The Kelly Criterion is a well-known capital management theory for repeated games. Its goal isn’t to maximize single-trade profit but to maximize long-term compound growth rate of capital. Based on estimates of win probability and odds, it calculates the optimal betting proportion to improve capital growth when the expected value is positive. Widely used in quantitative investing, professional betting, poker, and asset management.

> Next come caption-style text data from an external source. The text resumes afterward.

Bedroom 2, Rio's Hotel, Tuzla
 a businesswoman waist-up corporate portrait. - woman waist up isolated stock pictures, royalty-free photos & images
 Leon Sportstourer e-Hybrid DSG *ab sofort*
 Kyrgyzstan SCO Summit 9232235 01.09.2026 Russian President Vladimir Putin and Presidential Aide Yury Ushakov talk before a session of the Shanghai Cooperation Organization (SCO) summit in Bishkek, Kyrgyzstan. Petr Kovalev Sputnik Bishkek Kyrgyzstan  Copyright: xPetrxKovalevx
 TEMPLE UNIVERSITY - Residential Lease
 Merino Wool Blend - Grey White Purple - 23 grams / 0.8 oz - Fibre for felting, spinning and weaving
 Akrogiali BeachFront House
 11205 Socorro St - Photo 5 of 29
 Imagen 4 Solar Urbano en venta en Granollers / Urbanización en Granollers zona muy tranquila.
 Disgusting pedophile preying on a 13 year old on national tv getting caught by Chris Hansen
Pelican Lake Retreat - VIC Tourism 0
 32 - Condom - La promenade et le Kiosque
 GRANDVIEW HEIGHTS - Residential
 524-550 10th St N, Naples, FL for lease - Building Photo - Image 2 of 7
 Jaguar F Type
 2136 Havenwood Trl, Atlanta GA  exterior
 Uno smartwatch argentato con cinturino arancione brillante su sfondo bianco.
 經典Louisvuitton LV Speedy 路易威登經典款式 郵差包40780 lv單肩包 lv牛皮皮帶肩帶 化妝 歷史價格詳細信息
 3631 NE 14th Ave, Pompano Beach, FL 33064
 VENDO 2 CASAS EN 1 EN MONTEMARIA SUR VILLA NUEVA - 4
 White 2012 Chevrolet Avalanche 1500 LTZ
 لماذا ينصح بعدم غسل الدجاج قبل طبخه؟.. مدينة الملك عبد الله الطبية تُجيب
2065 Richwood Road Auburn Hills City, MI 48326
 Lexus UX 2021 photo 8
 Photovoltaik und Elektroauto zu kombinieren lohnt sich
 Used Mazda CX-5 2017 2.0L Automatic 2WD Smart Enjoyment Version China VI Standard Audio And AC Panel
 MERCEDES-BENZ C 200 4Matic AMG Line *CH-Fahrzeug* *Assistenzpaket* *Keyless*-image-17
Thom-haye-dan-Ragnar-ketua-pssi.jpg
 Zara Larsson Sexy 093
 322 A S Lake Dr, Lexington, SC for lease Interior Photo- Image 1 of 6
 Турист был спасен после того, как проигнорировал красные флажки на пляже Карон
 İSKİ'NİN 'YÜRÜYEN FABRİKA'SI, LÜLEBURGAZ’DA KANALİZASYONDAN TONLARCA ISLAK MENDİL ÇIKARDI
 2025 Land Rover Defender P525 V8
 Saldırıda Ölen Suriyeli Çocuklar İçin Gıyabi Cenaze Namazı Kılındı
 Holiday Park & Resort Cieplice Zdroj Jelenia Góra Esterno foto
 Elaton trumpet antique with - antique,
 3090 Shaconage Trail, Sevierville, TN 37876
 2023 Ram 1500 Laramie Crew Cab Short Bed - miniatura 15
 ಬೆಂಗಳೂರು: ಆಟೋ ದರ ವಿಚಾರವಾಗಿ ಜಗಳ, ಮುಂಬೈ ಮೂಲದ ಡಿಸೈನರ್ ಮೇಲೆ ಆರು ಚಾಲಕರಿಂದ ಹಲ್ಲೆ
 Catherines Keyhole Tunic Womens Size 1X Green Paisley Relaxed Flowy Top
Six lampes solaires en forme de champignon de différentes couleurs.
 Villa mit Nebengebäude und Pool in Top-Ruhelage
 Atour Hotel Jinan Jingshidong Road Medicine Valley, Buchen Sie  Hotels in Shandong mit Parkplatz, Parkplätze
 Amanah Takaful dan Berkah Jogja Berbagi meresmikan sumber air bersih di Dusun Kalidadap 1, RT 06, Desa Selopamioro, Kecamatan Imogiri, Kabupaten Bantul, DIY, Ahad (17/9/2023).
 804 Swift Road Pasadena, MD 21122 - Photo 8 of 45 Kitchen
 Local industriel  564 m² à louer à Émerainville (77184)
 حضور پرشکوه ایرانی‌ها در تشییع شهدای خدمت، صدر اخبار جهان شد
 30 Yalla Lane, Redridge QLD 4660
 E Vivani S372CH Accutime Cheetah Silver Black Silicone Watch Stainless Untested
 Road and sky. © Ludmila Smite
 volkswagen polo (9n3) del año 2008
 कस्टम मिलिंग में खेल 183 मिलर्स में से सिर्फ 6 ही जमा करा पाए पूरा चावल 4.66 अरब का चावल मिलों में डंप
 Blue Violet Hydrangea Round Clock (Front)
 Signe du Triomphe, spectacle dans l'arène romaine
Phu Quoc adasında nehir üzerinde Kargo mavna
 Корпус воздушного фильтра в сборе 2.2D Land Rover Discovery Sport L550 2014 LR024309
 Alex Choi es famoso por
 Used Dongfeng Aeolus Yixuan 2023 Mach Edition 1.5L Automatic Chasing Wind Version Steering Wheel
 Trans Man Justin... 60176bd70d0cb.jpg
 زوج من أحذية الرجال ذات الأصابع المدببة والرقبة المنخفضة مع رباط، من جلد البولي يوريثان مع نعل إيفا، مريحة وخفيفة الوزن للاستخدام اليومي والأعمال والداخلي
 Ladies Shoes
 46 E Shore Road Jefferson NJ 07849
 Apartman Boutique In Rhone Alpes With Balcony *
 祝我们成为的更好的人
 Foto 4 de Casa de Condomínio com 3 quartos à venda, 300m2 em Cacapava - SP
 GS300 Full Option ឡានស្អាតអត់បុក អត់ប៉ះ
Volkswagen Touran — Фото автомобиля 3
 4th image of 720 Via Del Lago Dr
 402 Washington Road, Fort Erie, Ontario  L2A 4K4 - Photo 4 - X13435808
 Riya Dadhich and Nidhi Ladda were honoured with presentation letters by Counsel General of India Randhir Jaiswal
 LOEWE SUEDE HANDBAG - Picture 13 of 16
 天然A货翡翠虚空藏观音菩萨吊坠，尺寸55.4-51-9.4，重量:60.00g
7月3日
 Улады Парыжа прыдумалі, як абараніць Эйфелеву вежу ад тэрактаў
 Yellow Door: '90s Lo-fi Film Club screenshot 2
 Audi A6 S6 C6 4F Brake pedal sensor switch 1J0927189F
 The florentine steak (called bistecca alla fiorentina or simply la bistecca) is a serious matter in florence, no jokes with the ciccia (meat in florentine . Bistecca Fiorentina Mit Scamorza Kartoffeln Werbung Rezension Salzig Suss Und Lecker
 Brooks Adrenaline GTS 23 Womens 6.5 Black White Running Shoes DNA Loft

  • Classic form: f* = (bp - q) / b
  • where f* is the optimal stake proportion, b is net odds, p is win probability, q=1−p
  • Simplified for prediction markets: f* = (p - market_price) / (1 - market_price)
  • where p is subjective true probability, market_price is implied probability

The effectiveness of Kelly depends heavily on accurate estimates of true probability and odds. In practice, traders find it difficult to consistently estimate true probabilities accurately. Therefore, professional bettors and prediction market participants tend to prefer rule-based strategies with higher implementability and lower reliance on probability estimates:

  • Unit System: dividing capital into fixed units (e.g., 1%), betting different units based on confidence, with an upper limit on units to constrain risk—most common practical method.
  • Flat Betting: betting a fixed proportion each time, emphasizing discipline and stability, suitable for risk-averse or low-confidence environments.
  • Confidence Tiers: pre-setting discrete position levels with absolute caps to reduce decision complexity and avoid the pseudo-precision issues of Kelly.
  • Inverted Risk Approach: starting from maximum tolerable loss and working backward to determine position size, based on risk constraints rather than expected returns.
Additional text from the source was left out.